Interpreting results based on sampling

Nov 9, 2009 at 5:11 AM

Hi Clint,

I'm a new PAL user (new Perfmon user too for that matter), and trying to get an understanding of the time interval.

For example, I used the standard MOSS template, which has perfmon test every 15 seconds.

I ran the test for 2 hours.  The Analysis Interval in the report is 3 minutes.

 

I'm seeing alerts for the disk drive, for example:


Physical Disk Read Latency Analysis (Alerts: 12)
Physical Disk Write Latency Analysis (Alerts: 28)
Process IO Data Operations/sec (Alerts: 1)
Process IO Other Operations/sec (Alerts: 15)

 

In the detailed part of the report it shows these are alerts of:

Disk responsiveness is very slow (spike of more than 25ms)

Average disk responsiveness is very slow - more than 25ms

 

Since this is a sampling, I guess I'm wondering how to multiply this out to get a ROUGH IDEA of how many times in 2 hours these alerts really occurred.

 

The "average" read and write measurements aren't bad (0.004 / 0.006):

 

PhysicalDisk(_Total)\Avg. Disk sec/Read 0 0.004 0.737
PhysicalDisk(0 C: D:)\Avg. Disk sec/Write 0 0.006 0.432

 

Any advice on interpreting the above,  and taking into account the sampling for both the perform logging and the report analysis interval would be appreciated.

 

Thanks

 

Nov 9, 2009 at 6:08 PM

Clint will probably have a better answer for you then me, but this is what I do.  I use PAL to take a look at my perfmon logs to see a good overview of what is going on.  If there is something that I want to look at further I will load the log file into perfmon and only look at those counters I am interested in.  If you need a step by step on how to do this let me know and I will try to post some instructions. 

Now I will be interested to see what Clint has to say on the subject. :-)

Coordinator
Nov 10, 2009 at 5:13 AM

The collection interval is the time interval that the values in the counter log was collected. In your case, 15 seconds.

The analysis interval is the time slice that PAL is using. If you choose AUTO, then PAL will slice up the log into 30 time slices. For example, if you have a 30 hour log, then PAL will slice it into 1 hour time slices. If you have a 30 minute log, then PAL will slice it into 1 minute time slices. The reason it does this is to produce an "average" of a given amount of time.

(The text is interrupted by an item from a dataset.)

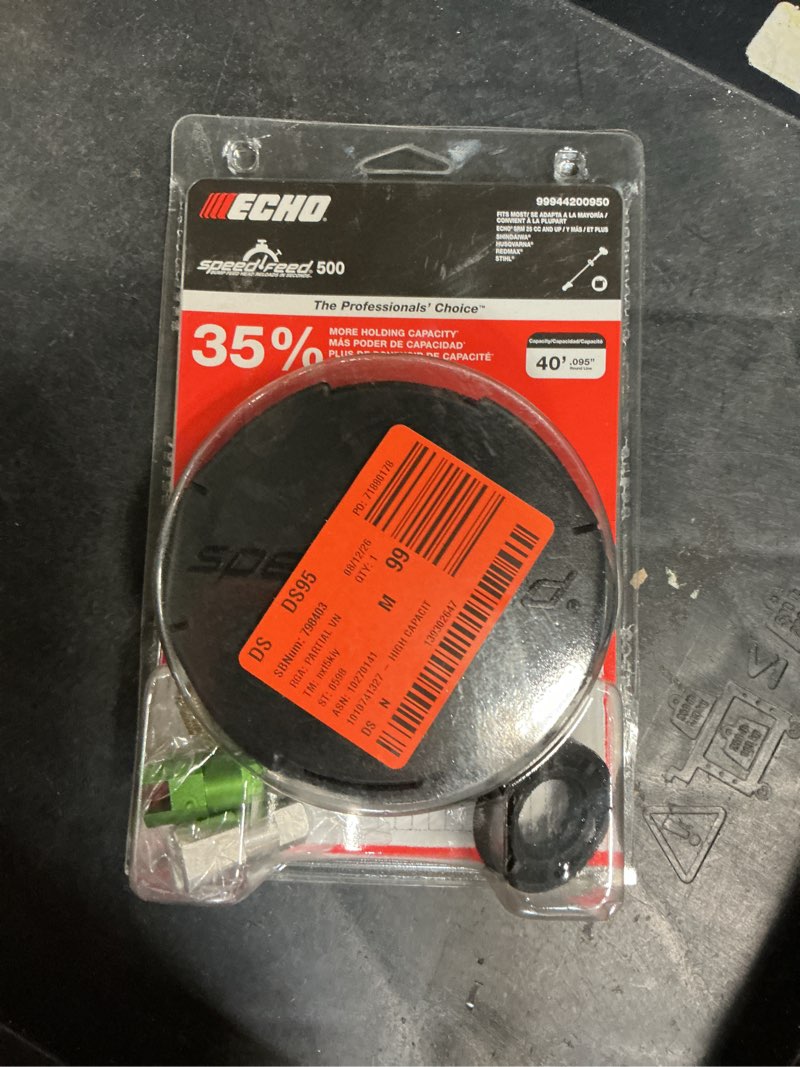 Condition photo showing Good Condition for echo 99944200950 speed-feed 500 trimmer head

Disk response times greater than 25ms is very bad. We don't know why it's bad though. For disk I/O, I highly recommend running Process Monitor for a minute or so collecting when the disk I/O is bad. It will tell you what kind of I/O you are doing on that server to see if it's important or not. http://live.sysinternals.com/procmon.exe

Serverguy is correct. PAL is a time saving tool and gives you the highlights of that to look at and what not to look at in the perfmon log.

Nov 10, 2009 at 10:35 PM

Hi Clint

You wrote "For disk I/O, I highly recommend running Process Monitor for a minute or so collecting when the disk I/O is bad. It will tell you what kind of I/O you are doing on that server to see if it's important or not. http://live.sysinternals.com/procmon.exe"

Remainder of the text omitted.